* PROBLEM DESCRIPTION *
Apart from the images, every record below must be given again without alteration.

* MATERIAL SHOWN *
■ ■ ■ ■ ■ ■ ■

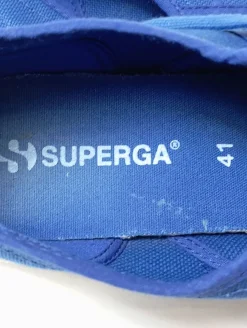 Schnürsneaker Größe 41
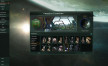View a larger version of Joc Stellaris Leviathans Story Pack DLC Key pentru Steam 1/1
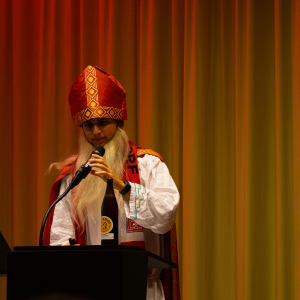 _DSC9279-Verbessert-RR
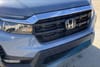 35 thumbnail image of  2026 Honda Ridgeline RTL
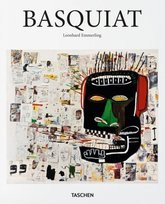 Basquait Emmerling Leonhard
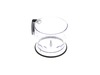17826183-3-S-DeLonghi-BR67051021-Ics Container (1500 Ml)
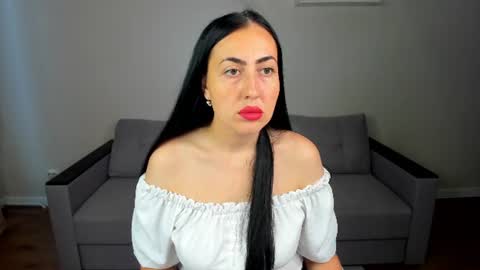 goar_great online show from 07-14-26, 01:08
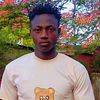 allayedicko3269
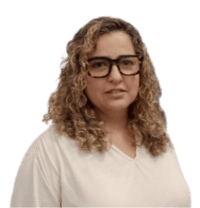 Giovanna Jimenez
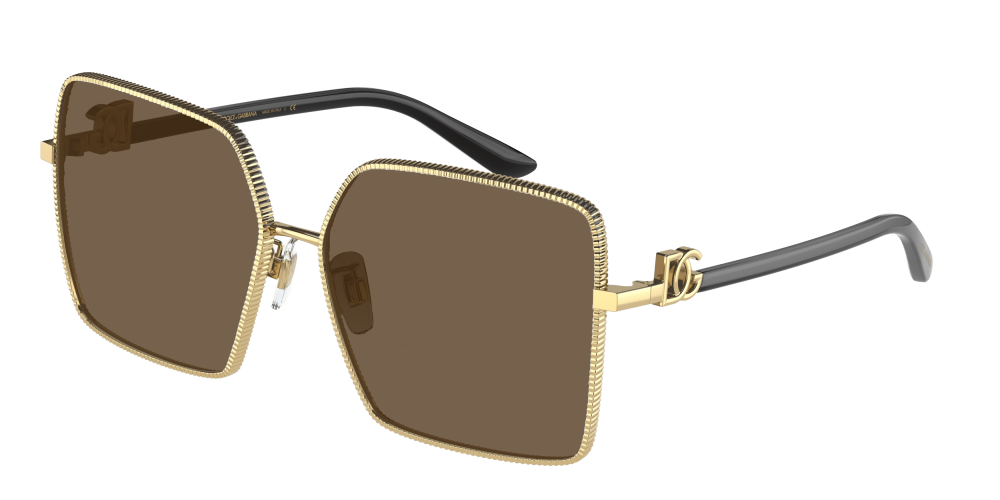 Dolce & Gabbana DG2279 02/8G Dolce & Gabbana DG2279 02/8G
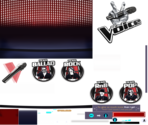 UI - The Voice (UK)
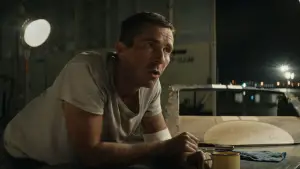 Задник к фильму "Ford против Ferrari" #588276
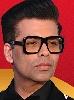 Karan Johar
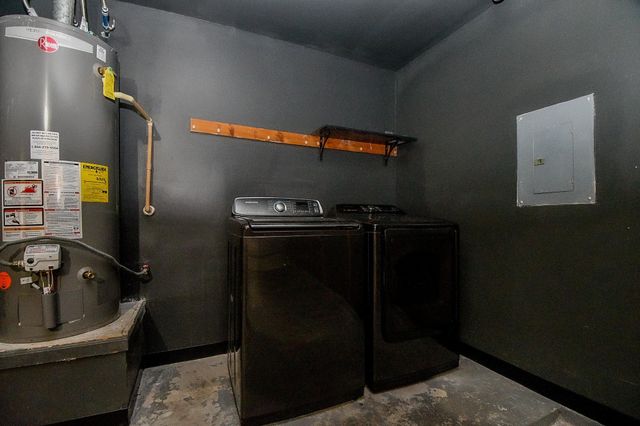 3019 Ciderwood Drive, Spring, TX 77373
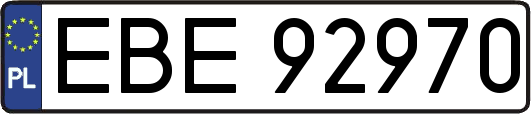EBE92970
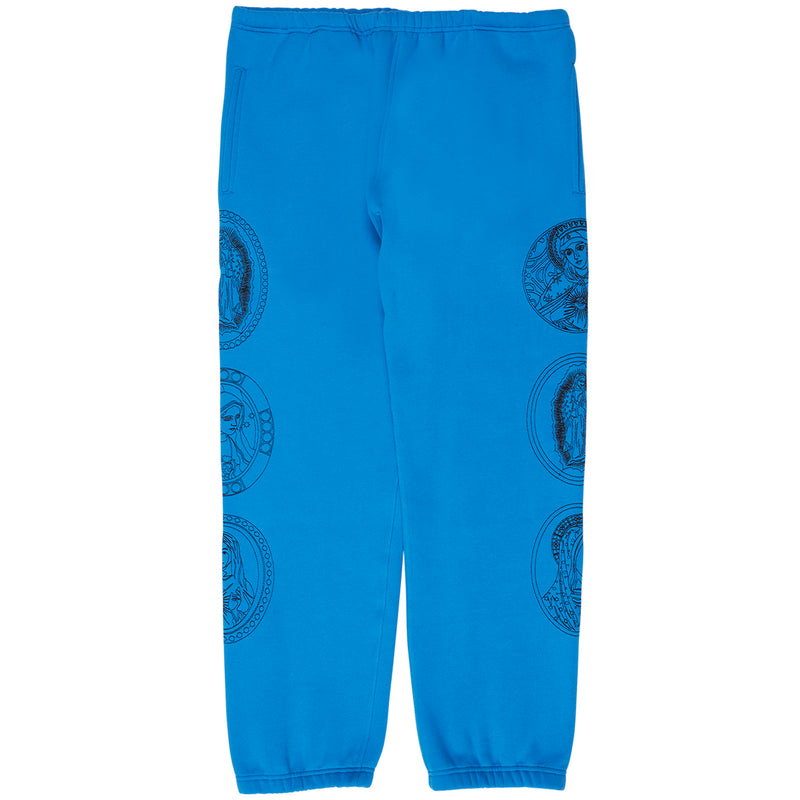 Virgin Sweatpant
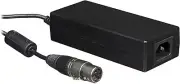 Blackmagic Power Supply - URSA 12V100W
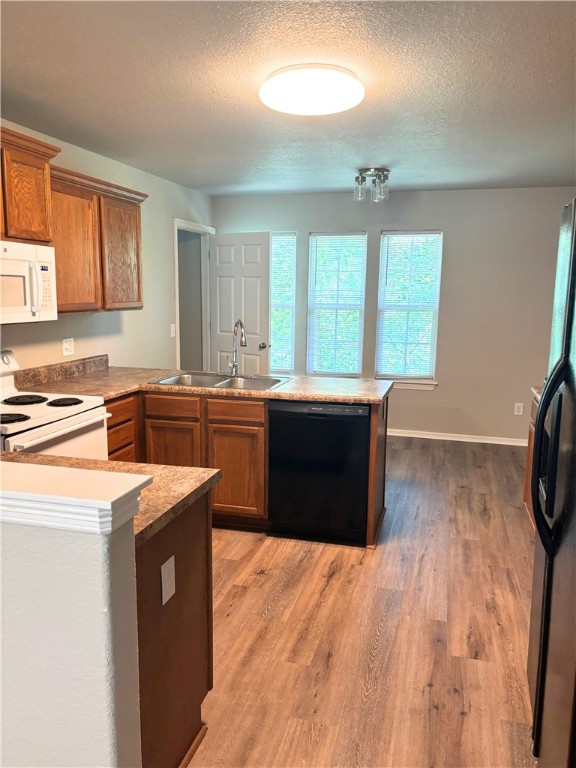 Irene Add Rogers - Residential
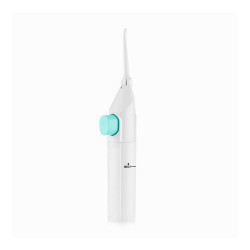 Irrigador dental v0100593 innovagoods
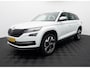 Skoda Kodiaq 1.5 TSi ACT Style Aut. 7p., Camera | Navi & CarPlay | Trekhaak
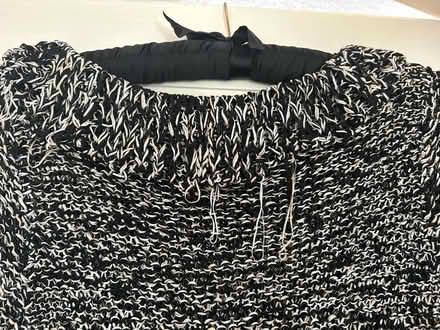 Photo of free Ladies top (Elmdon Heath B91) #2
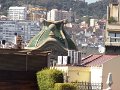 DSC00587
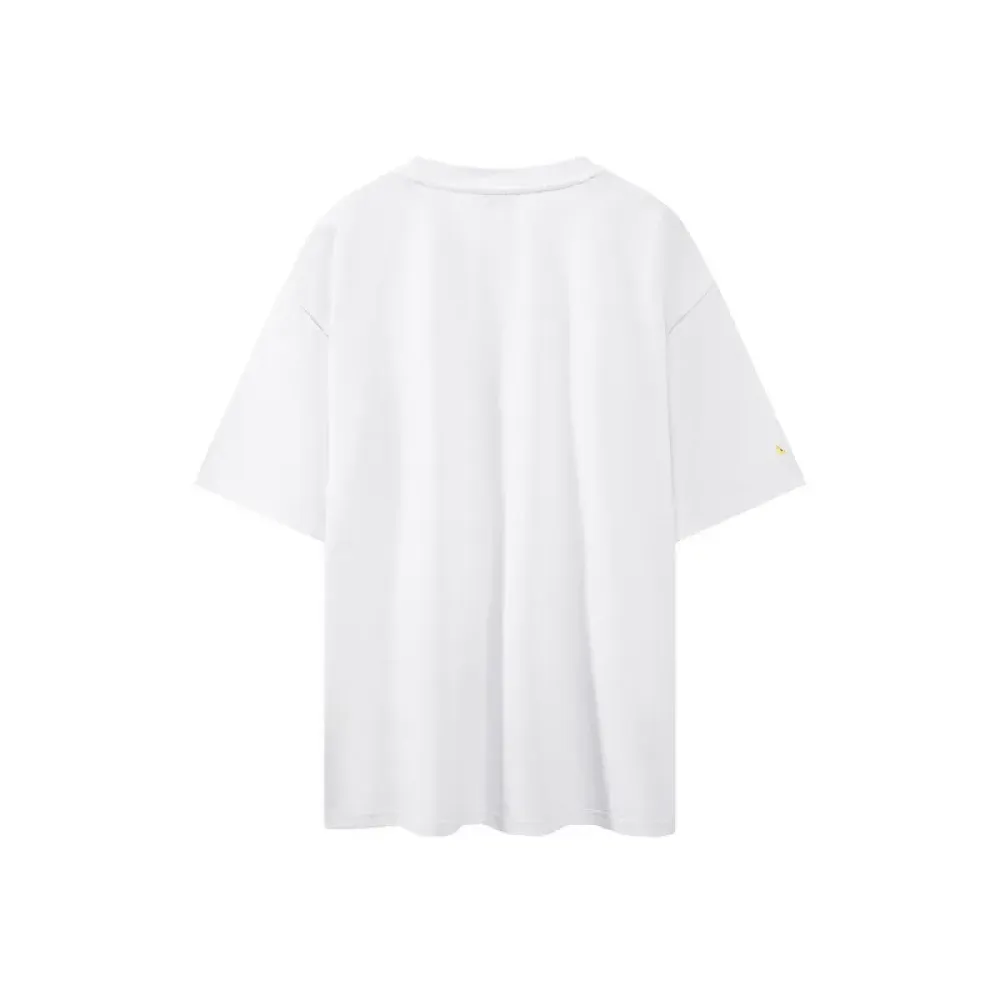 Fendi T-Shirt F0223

■ ■ ■ ■ ■ ■ ■

* RESULT BELOW *
 Schnürsneaker Größe 41
View a larger version of Joc Stellaris Leviathans Story Pack DLC Key pentru Steam 1/1
 _DSC9279-Verbessert-RR
 35 thumbnail image of  2026 Honda Ridgeline RTL
 Basquait Emmerling Leonhard
17826183-3-S-DeLonghi-BR67051021-Ics Container (1500 Ml)
 goar_great online show from 07-14-26, 01:08
 allayedicko3269
 Giovanna Jimenez
 Dolce & Gabbana DG2279 02/8G Dolce & Gabbana DG2279 02/8G
 UI - The Voice (UK)
 Задник к фильму "Ford против Ferrari" #588276
 Karan Johar
 3019 Ciderwood Drive, Spring, TX 77373
EBE92970
 Virgin Sweatpant
 Blackmagic Power Supply - URSA 12V100W
 Irene Add Rogers - Residential
 Irrigador dental v0100593 innovagoods
 Skoda Kodiaq 1.5 TSi ACT Style Aut. 7p., Camera | Navi & CarPlay | Trekhaak
 Photo of free Ladies top (Elmdon Heath B91) #2
 DSC00587
 Fendi T-Shirt F0223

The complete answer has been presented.